Repeat exactly, please, the opening lines of the data below, through and including the line where "Guess, Cover per" sits.
:: Information supplied
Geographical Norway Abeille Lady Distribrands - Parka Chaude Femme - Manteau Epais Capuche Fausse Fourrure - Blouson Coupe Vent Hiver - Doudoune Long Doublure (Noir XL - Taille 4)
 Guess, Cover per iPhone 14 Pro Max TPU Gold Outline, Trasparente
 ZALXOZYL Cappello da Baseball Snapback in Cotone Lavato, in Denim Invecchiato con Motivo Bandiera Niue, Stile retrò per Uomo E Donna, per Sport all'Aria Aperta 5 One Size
::::
### Task response
Geographical Norway Abeille Lady Distribrands - Parka Chaude Femme - Manteau Epais Capuche Fausse Fourrure - Blouson Coupe Vent Hiver - Doudoune Long Doublure (Noir XL - Taille 4)
 Guess, Cover per iPhone 14 Pro Max TPU Gold Outline, Trasparente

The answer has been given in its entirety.